Andrea Reize bei einer Probe des Thomanerchors.
Andrea Reize durante o ensaio do mundialmente famoso coro de crianças "Thomanerchor". Tom Theile

Pode um suíço, e ainda por cima um católico, assumir o legado de Bach? O alvoroço em torno da nomeação de Andrea Reize, natural do cantão de Solothurn, como diretor musical da Igreja de Santo Tomás em Leipzig, Alemanha foi grande. Mas após dois meses no cargo, parece claro para todos: o recém-chegado talvez seja a pessoa certa para essa tão exigente tarefa.

“Silentium”. O cantor pede silêncio, e a sua palavra surte efeito. São 15 horas, na grande e iluminada sala de ensaios, e os meninos do Thomanerchor (Coro de Santo Tomás) reuniram-se para o ensaio diário. Do lado de fora da porta, mochilas escolares e casacos jogados às pressas no chão amontoam-se. Alguns se apressam a chegar aos seus lugares no último segundo. Andreas Reize levanta a mão e dá a entrada. Hoje a cantata “Wachet! betet! betet! wachet!” está no programa. Será apresentada no fim de semana na Igreja de Santo Tomás. Como na época de Bach, todas as semanas o coro ensaia uma nova cantata.

O fato de o suíço Reize reger um dos coros de meninos mais famosos do mundo desde setembro tornou-se uma sensação para muitos no mundo da música. Para si mesmo, é a realização de um sonho.

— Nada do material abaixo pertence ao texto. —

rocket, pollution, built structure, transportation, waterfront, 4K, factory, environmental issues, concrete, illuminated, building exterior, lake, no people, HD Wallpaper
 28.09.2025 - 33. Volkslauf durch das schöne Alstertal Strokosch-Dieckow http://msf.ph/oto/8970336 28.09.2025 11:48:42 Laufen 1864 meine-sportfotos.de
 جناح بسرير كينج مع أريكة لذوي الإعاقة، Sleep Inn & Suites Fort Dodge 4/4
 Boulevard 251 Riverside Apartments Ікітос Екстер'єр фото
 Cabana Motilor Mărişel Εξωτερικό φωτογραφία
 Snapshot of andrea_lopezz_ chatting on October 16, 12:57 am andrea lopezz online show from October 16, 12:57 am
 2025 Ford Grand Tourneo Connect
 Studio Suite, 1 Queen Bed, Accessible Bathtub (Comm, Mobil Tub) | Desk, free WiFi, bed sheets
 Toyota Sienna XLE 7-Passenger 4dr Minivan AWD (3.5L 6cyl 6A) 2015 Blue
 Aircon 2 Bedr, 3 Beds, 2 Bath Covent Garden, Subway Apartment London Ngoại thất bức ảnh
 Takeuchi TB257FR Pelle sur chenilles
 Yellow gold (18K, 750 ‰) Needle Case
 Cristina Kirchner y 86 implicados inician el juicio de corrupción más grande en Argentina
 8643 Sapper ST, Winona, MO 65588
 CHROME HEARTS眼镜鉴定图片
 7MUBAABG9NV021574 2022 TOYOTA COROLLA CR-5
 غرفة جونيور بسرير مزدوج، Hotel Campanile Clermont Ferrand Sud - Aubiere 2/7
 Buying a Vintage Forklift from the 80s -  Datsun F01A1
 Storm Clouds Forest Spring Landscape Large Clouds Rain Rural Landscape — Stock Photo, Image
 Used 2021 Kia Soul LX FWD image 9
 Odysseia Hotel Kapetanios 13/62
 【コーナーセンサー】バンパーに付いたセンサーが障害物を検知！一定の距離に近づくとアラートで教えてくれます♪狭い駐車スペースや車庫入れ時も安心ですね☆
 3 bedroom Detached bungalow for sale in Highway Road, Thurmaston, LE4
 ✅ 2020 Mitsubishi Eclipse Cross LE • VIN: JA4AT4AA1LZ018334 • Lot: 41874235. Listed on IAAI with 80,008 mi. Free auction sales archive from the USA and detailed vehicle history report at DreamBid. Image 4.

Ele se inscreveu para a vaga porque não havia qualquer chance de dar o próximo passo em sua carreira em seu país de origem. “Simplesmente não existe tal colocação na Suíça”, explica o cantor em seu escritório em Leipzig. Alguns consideram-na a mais importante no âmbito da música sacra protestante.

Reize é o primeiro católico a ocupar o posto, o primeiro suíço de qualquer modo. Antes dele, havia apenas protestantes alemães, o mais famoso dos quais foi Johann Sebastian Bach, que dirigiu como cantor o coro da Igreja de Santo Tomás, fundado já em 1212, de 1722 até à sua morte em 1750. Reize é o 18º sucessor de Bach – desde 11 de Setembro de 2021. Antes disso, Reize, que tem de 46 anos de idade, tinha feito nome, entre outras ocupações, como diretor do coro de meninos da Catedral de St. Ursen, em Soleura, e com suas óperas no castelo barroco de Waldegg.

“Não consigo imaginar uma função mais bela”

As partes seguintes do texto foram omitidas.